CEM data shows that active management has on average added 22 basis points of net value and 75 basis points of gross value per annum between 1992 and 2022 for asset owners. In public markets, the highest active risk and average one-year gross value added has been achieved in US small-cap equities strategies. 

It’s clear that there are benefits to active management in public markets, but South Carolina Retirement System Investment Commission is one fund that still decided to shift its entire public equities portfolio to passive, and chief executive officer Michael Hitchcock said it is not regretting the decision. 

“We had a significant amount of active management in the public equity portfolio – we had active managers, we had enhanced passive, we had GTAA [global tactical asset allocation], which was kind of a mix of public equity and bonds,” Hitchcock said. 

“And we really realised…out of humility that we’re really not that good at this. Because what we found is that we were underperforming the benchmark, at about the same amount that we were paying in fees. 

“We were able to shift to all passive, but we were able to do it in a way where through the structures that we have with our external partners [we can] pretty much lock in about a 30 to 40 basis point spread above the performance of the index, because of the efficiencies that these large managers have when it comes to securities lending, and the tax recaptured.” 

Hence, the fund is now outperforming by about the same amount that it was underperforming in the same part of the portfolio, Hitchcock said, and shifting to passive allowed the fund to utilise its resources better.  

“We decided that we really needed to put that energy into the private market asset classes, where we really felt like we would have the opportunity to outperform,” he said. 

However, UK’s Railpen doesn’t consider active management fees as a big issue. The fund has internalised two-thirds of its investment management. 

“On the public market side, we’ve got to about 50 per cent in equities; of that 50 per cent, we’ve got about 60 per cent in quantitative strategies and 40 per cent in fundamental portfolios,” said director of real assets and private markets Anna Rule. 

“Given I’ve seen their performance – yes, passive is cheap – but my fundamental team would argue that they’re both cheap. 
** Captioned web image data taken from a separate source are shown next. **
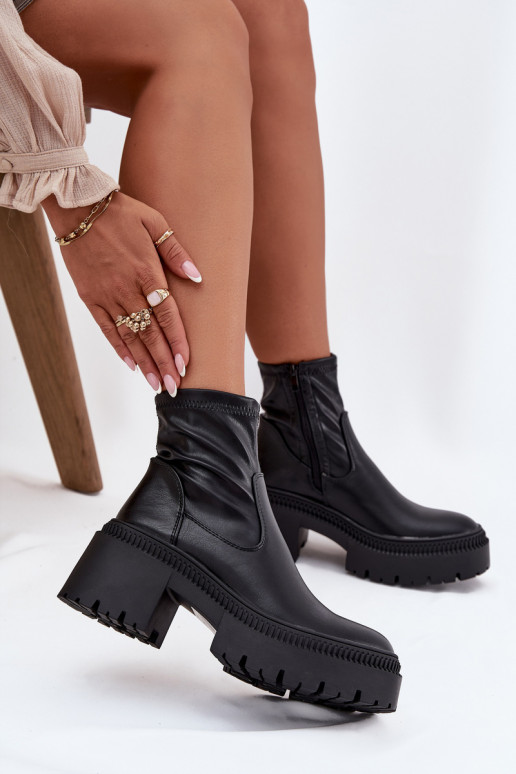 Women's ankle boots on chunky heels and platform in black faux leather Elvianne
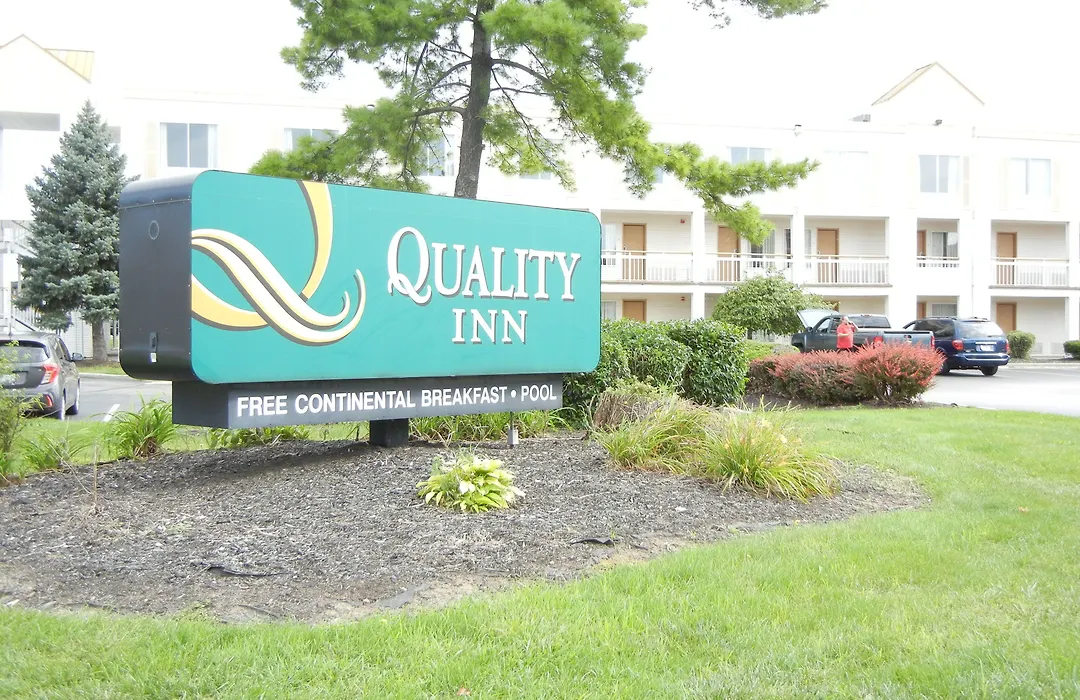 Quality Inn Holland - Toledo-1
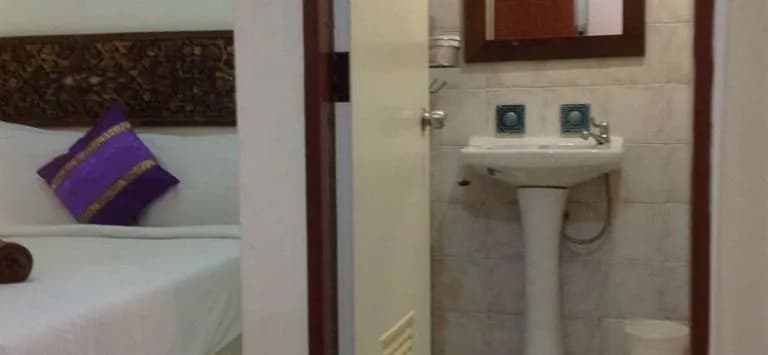 Sunny Guesthouse - photo 10
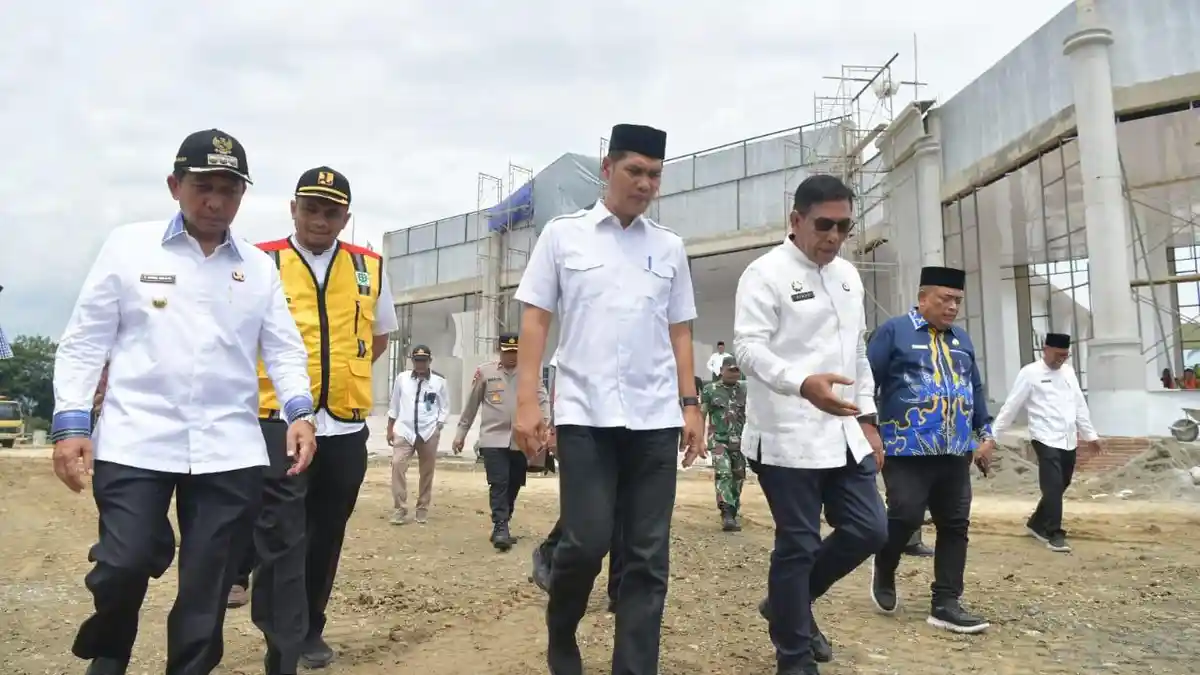 Sekda Aceh Tinjau Pembangunan Gedung Utama MTQ di Pijay dan Ingin Pastikan Progresnya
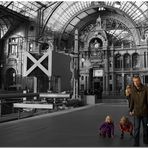 Automne à Anvers VIII Jeune famille dans une gare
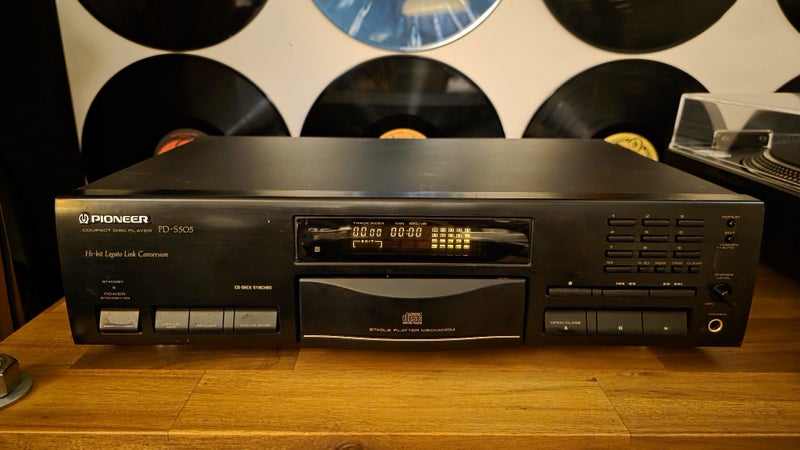 Pioneer PD-S505 CD player Carousel 1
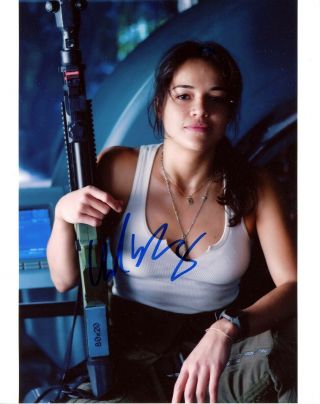 Michelle Rodriguez In Avatar Signed 8x10 Photo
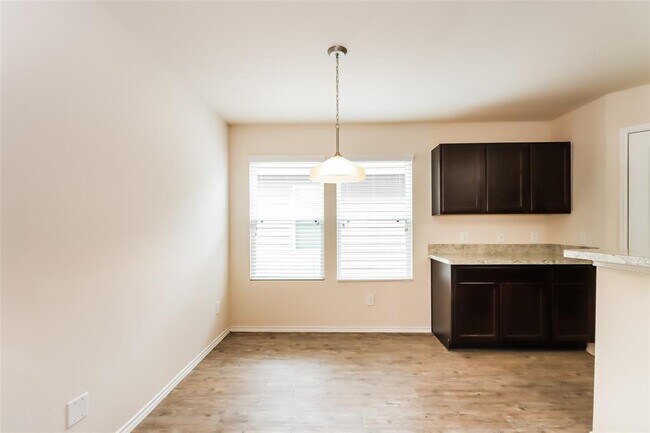 Building Photo - 413 N Meadows Dr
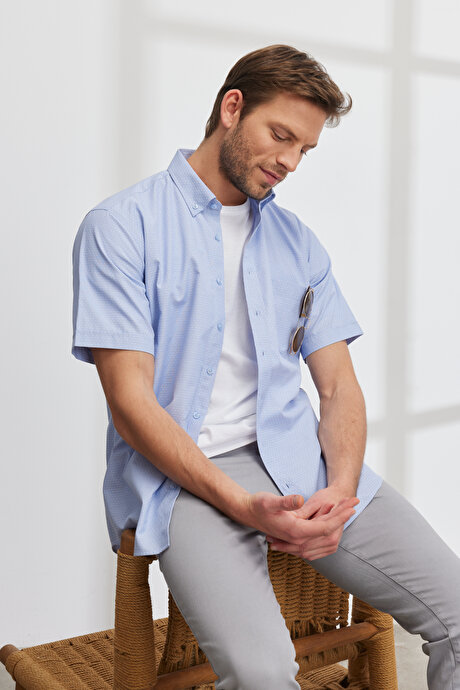Comfort Fit Rahat Kesim Düğmeli Yaka Armürlü Kısa Kollu Mavi Gömlek resmi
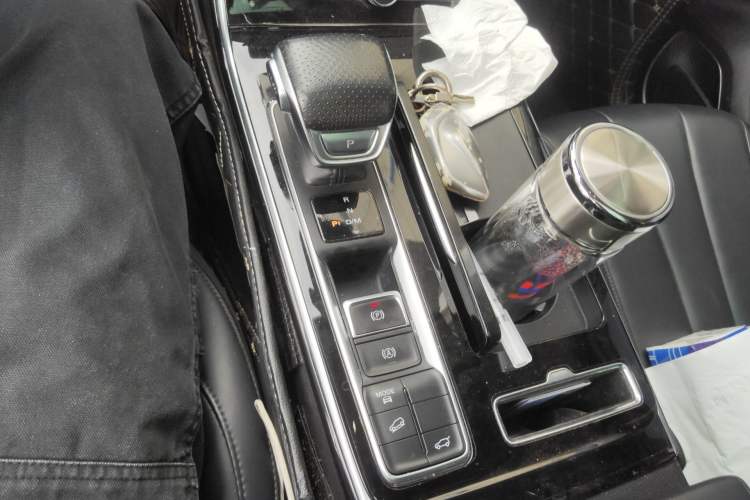 Used Roewe RX5 MAX 2019 300TGI Automatic Intelligent Driving Health Cabin Edition Gear Lever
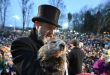 En Pensilvania, la marmota Phil pronostica más invierno para EEUU y nuevamente reúne a miles durante la festividad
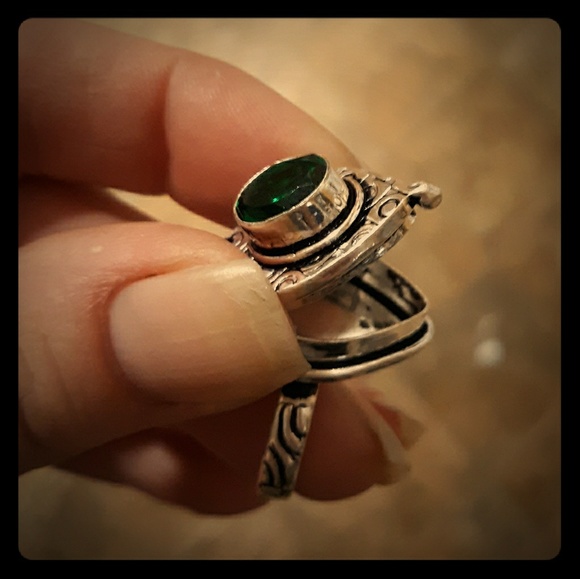 New Green Quartz 925 Silver Poison Ring. - Picture 2 of 8
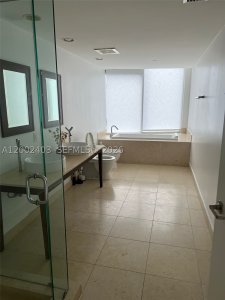 Comprar apartamento no Icon Brickell Tower I 5508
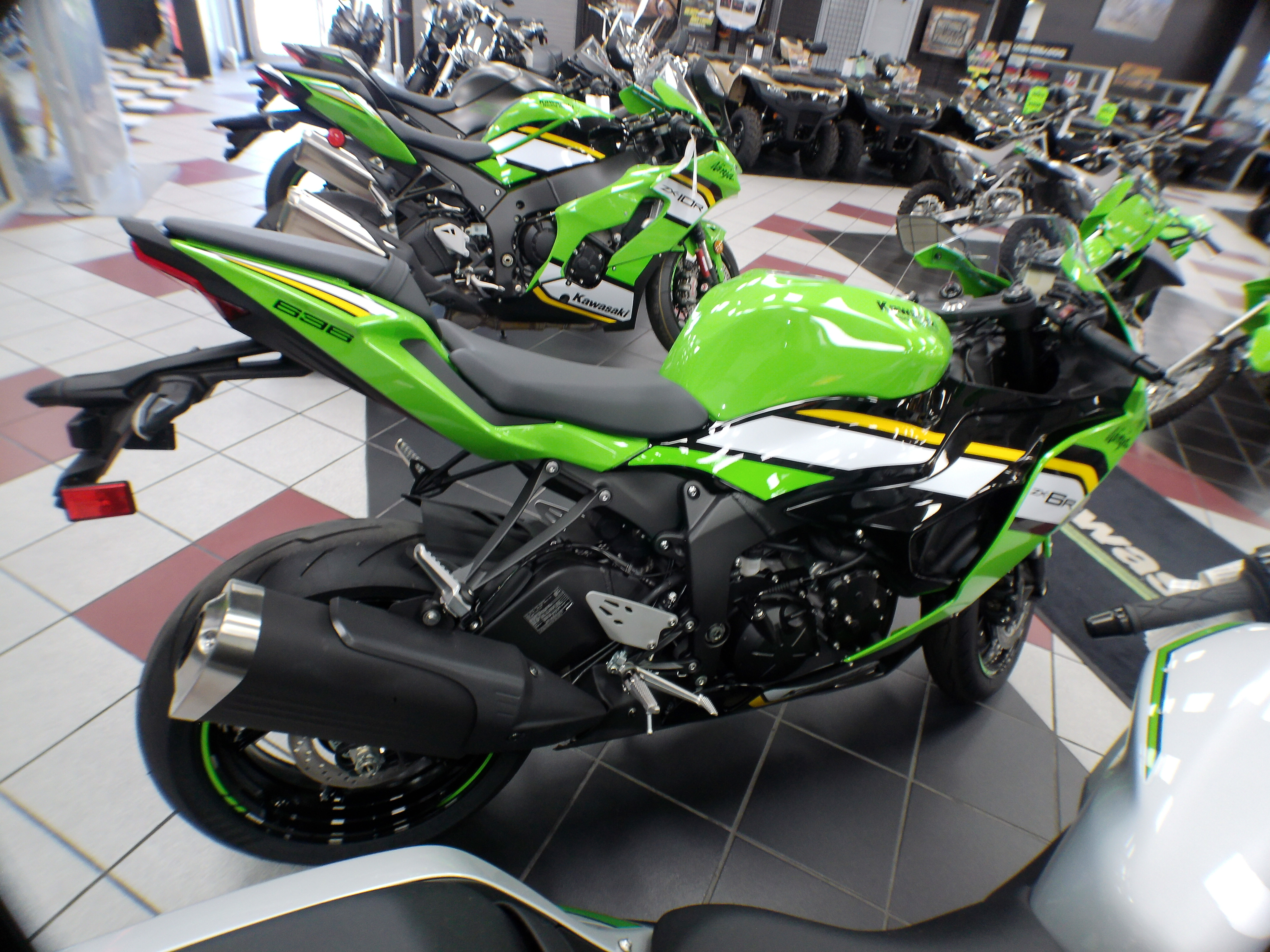2025 Kawasaki Ninja® ZX™-6R KRT EDITION - Photo 13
“They’ve been running that internal strategy for about the last eight years and have had about an outperformance versus ACWI of about 130 basis points.” 

The question of scale

When it comes to the scale discussion, the sentiment among funds is weighted heavily in favour of having greater scale, due to the potential access to deals, influence and cost structure benefits it may bring. CEM Benchmarking head of research Chris Flynn said the firm has not found evidence of diseconomies of scale so far. 

PSP Investments chief investment officer Eduard van Gelderen said being big has brought the fund many perks. 

“What I see happening in practice is that we are invited for specific deals, and there are only a handful of investors around the table [and] because we’re sitting at a table, we also dictate the terms of those deals,” he said.  

“Is there a limit to this? Well, we all know Norges Investment Bank, they’re so big that they have to basically invest passively all over the world. 

“I can only say for us there is a limitation on the public side, because I am not convinced that every active strategy we pursue actually has the capacity to do it. On the private side, at this point…there is no limit.” 

This view is echoed by Australian Retirement Trust, which gained massive scale in a short period of time from the merger of two Queensland-based pension funds, Sunsuper and QSuper. 

“Having spent the last couple of years on integration, we found that we really needed to focus on things that we’re going to be able to do well consistently – strategies that we won’t outgrow,” said the fund’s senior portfolio manager of investment strategy, Anne Blayney.  

“On the public market side, perhaps there will be some diseconomies of scale in that… as you get bigger and bigger, it’s going to be harder and harder to harness that alpha in some asset classes or some strategies.  

“But we haven’t we haven’t seen it as yet.”